5,447,640 members and growing! (21,189 online)
Email Password   helpLost your password?
Web Development » ASP.NET » Samples     Intermediate

DotLucene: Full-Text Search for Your Intranet or Website using 37 Lines of Code

By Dan Letecky

An introduction to DotLucene, open source full-text search engine.
C#, Windows, .NET 1.1, .NET, ASP.NET, Visual Studio, VS.NET2003, Dev

Posted: 1 Feb 2005
Updated: 30 Mar 2005
Views: 123,381
Bookmarked: 164 times
Announcements
Want a new Job?



Search    
Advanced Search
Sitemap
47 votes for this Article.
Popularity: 7.87 Rating: 4.70 out of 5
3 votes, 6.4%
1
0 votes, 0.0%
2
0 votes, 0.0%
3
6 votes, 12.8%
4
38 votes, 80.9%
5

DotLucene: excellent full-text search engine

Can there be a full-text search coded on 37 lines? Well, I am going to cheat a bit and use DotLucene for the dirty work. DotLucene is a .NET port of Jakarta Lucene search engine maintained by George Aroush et al. Here is a quick list of its features:

  • It can be used in ASP.NET, Win Forms or console applications.
  • Very good performance.
  • Ranked search results.
  • Search query highlighting in results.
  • Searches structured and unstructured data.
  • Metadata searching (query by date, search custom fields...).
  • Index size approximately 30% of the indexed text.
  • Can also store full indexed documents.
  • Pure managed .NET in a single assembly (244 KB).
  • Very friendly licensing (Apache Software License 2.0).
  • Localizable (support for Brazilian, Czech, Chinese, Dutch, English, French, Japanese, Korean and Russian included).
  • Extensible (source code included).

Warning

Don't take the line count too seriously. I will show you that the core functionality doesn't take more than 37 lines of code, but to make it a real application you will need to spend some more time on it...

Demo project

We will build a simple demo project that shows how to:

  • index HTML files found in a specified directory (including subdirectories).
  • search the index using a ASP.NET application.
  • highlight the query words in the search results.

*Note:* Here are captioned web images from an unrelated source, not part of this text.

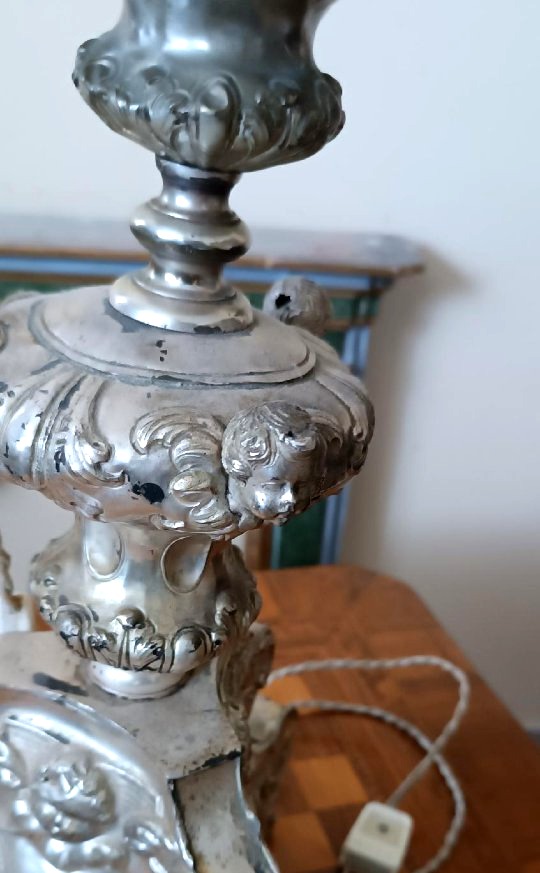 Antico candeliere in metallo argentato , lampada -photo-3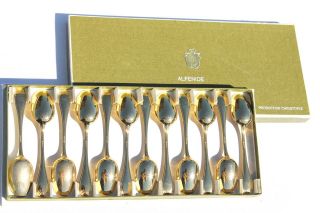   Alfenide Pompadour 12 Dorée Gold plated Coffee Moka Demitasse Spoons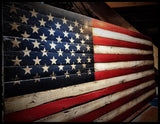 Rustic wooden American flag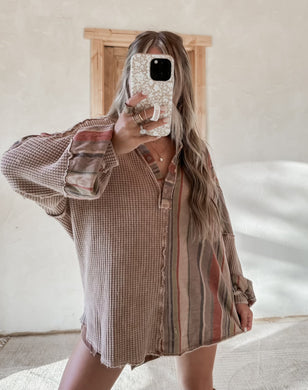 Austyn Striped Taupe Henley Top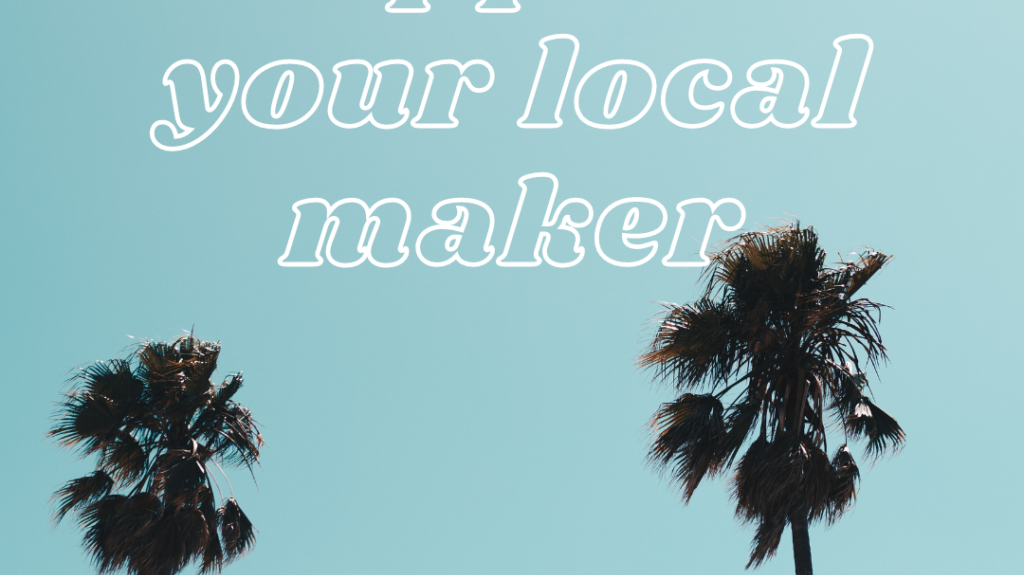 Patchwork SF Show Poster - Two palm trees and show dates at the top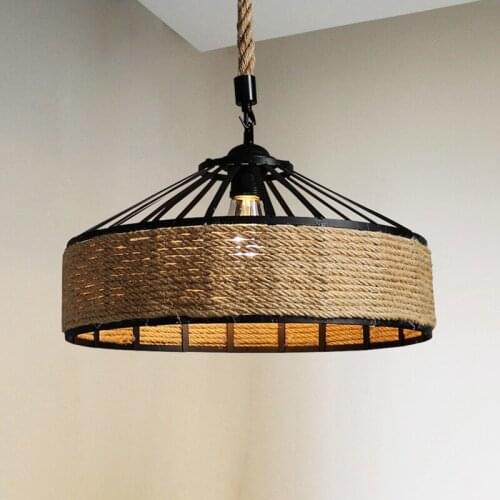 Modern Chandeliers American Industrial Style Retro Bar Cafe Hot Pot Restaurant Hemp Rope Iron Fixture Lighting Luminaire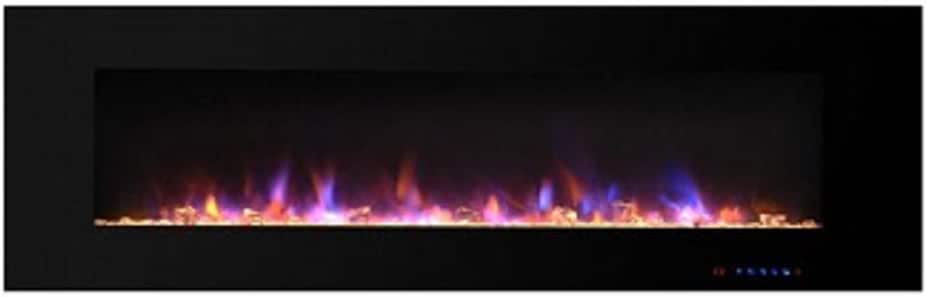 Chimenea Eléctrica Montado En La Pared con Efecto De Leña Ardiendo con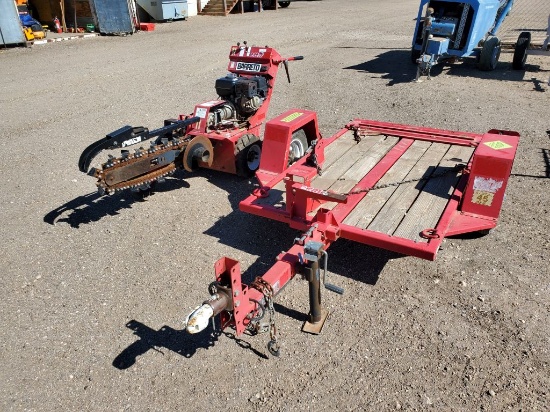 Barreto 912 Walk Behind Trencher/Trailer Combo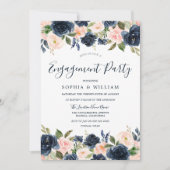 Mooie marine en blush Floral Engagement Party Kaart (Voorkant)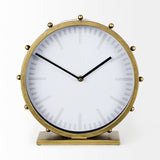 Marian Gold Metal W/Studs Round Table Clock by Mercana at Eve Furniture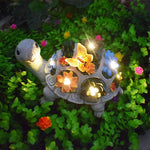 Turtle and Butterfly Charming Solar - Powered Animal Garden Statue - Waterproof Resin Figurine with Glowing LED Accents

But DotLucene has more potential. In real-world application, you would probably want to:

  • Add the new documents to the index when they appear in the directory. You don't need to rebuild the whole index.
  • Include other file types. DotLucene can index any file type which you are able to convert to plain text.

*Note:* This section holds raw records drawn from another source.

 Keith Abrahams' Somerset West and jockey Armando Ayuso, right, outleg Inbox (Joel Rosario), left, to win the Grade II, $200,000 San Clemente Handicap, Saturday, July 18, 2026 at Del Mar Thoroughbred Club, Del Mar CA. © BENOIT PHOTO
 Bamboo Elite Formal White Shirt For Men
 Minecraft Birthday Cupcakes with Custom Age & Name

Why Not to Use Microsoft Indexing Server?

If you are happy with the Indexing Server, no problem. However, DotLucene has many advantages:

  • DotLucene is a single assembly of 100% managed code. It has no external dependencies.
  • It can be used on a shared hosting. If you prepare the index in advance, you need no permissions to write on disk.
  • You can use it to index any type of data (e-mails, XML, HTML files, etc.) from any source (database, web, etc.). That's because you need to supply plain text to the indexer. Loading and parsing the source is up to you.
  • Allows you to specify the attributes ("fields") that should be included in the index. You can search using these fields (e.g. by author, date, keywords).
  • It is an open source.
  • It is easily extensible.

Line 1: Creating the Index

The following line of code creates a new index stored on disk. directory is a path to the directory where the index will be stored.

IndexWriter writer = 
   new IndexWriter(directory, new StandardAnalyzer(), true);

In this example, we create the index from scratch. This is not necessary, you can also open an existing index and add documents to it. You can also update existing documents by deleting it and adding a new version.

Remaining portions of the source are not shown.